____ Records for the task
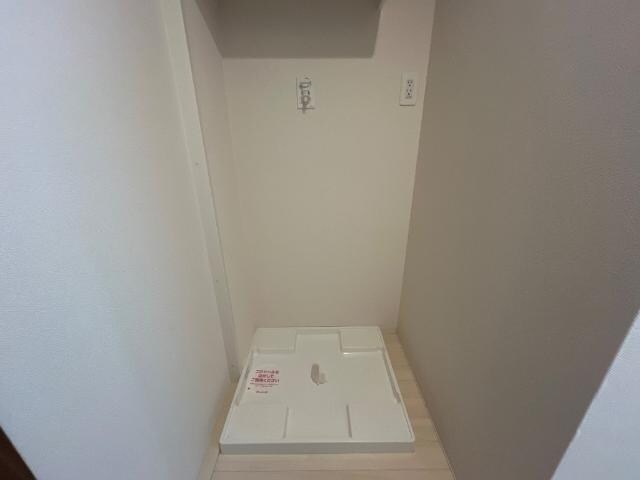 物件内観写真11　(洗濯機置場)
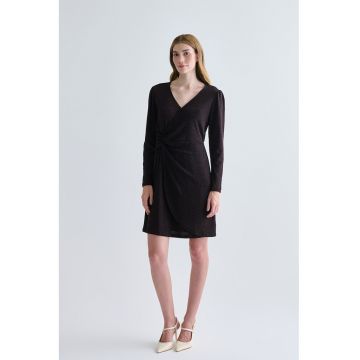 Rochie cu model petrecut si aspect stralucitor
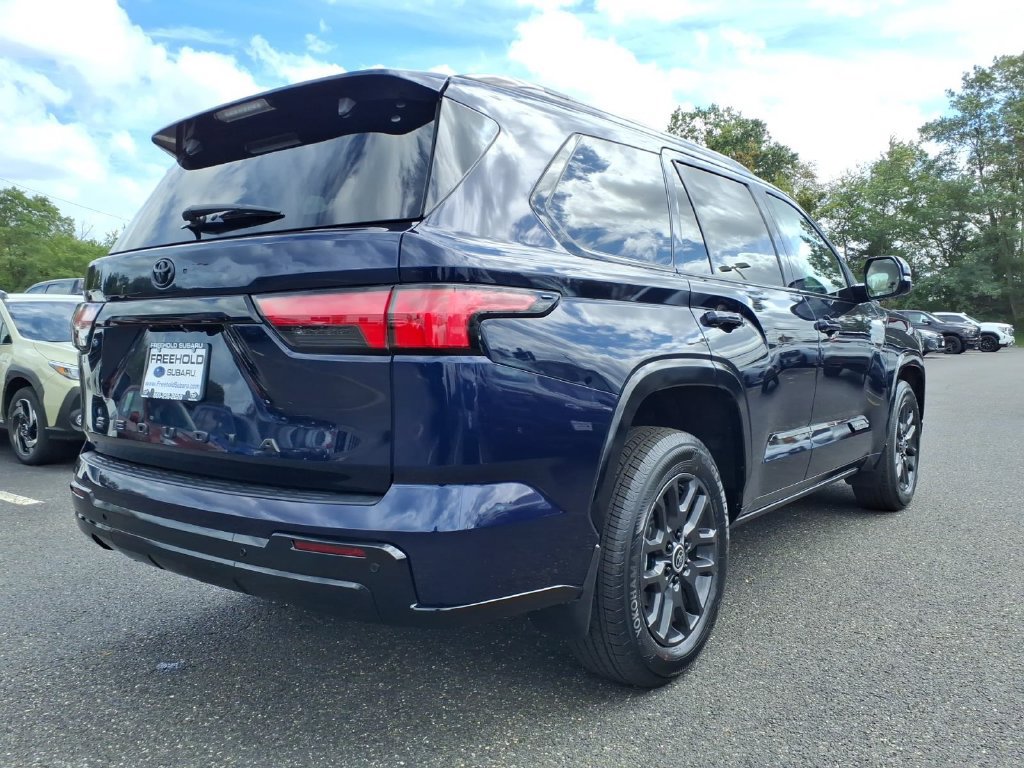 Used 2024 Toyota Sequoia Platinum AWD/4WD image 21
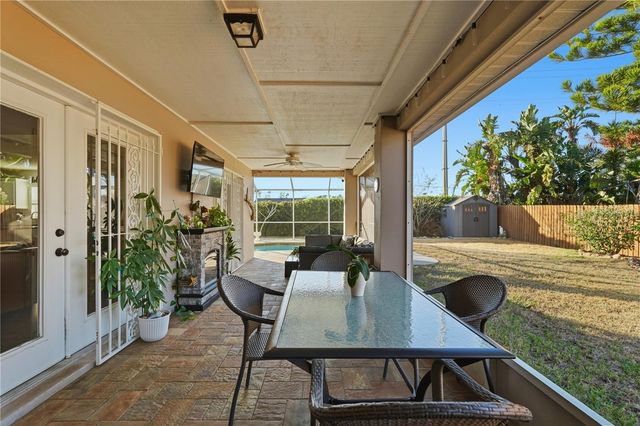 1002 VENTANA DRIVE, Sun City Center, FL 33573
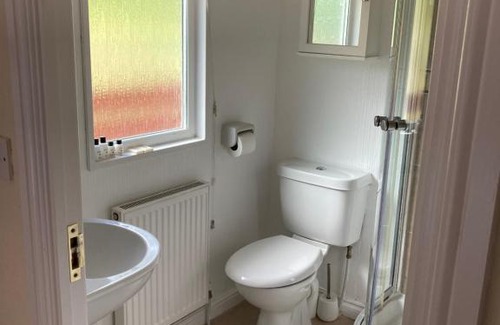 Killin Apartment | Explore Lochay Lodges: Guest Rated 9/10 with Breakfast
________
____ Records for the task
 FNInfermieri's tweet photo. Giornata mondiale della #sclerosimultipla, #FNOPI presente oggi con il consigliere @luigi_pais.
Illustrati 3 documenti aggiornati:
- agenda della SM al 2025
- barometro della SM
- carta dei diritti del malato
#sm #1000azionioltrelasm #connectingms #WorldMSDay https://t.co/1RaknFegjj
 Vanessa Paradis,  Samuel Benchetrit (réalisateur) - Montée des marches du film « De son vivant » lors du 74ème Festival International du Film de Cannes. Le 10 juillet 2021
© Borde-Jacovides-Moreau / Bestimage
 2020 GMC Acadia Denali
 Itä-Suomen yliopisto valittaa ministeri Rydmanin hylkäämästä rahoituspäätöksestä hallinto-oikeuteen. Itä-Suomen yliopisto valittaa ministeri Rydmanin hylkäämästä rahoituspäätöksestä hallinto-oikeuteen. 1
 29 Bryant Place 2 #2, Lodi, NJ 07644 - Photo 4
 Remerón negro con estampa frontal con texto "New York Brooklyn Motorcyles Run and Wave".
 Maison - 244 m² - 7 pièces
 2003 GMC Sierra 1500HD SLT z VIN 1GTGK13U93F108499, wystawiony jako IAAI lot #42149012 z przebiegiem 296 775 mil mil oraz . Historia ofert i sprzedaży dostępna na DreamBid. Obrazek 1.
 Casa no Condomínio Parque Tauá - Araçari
________
[Work task]: The answer is one number: how many lines of the material above contain "della".

[Response below]: 3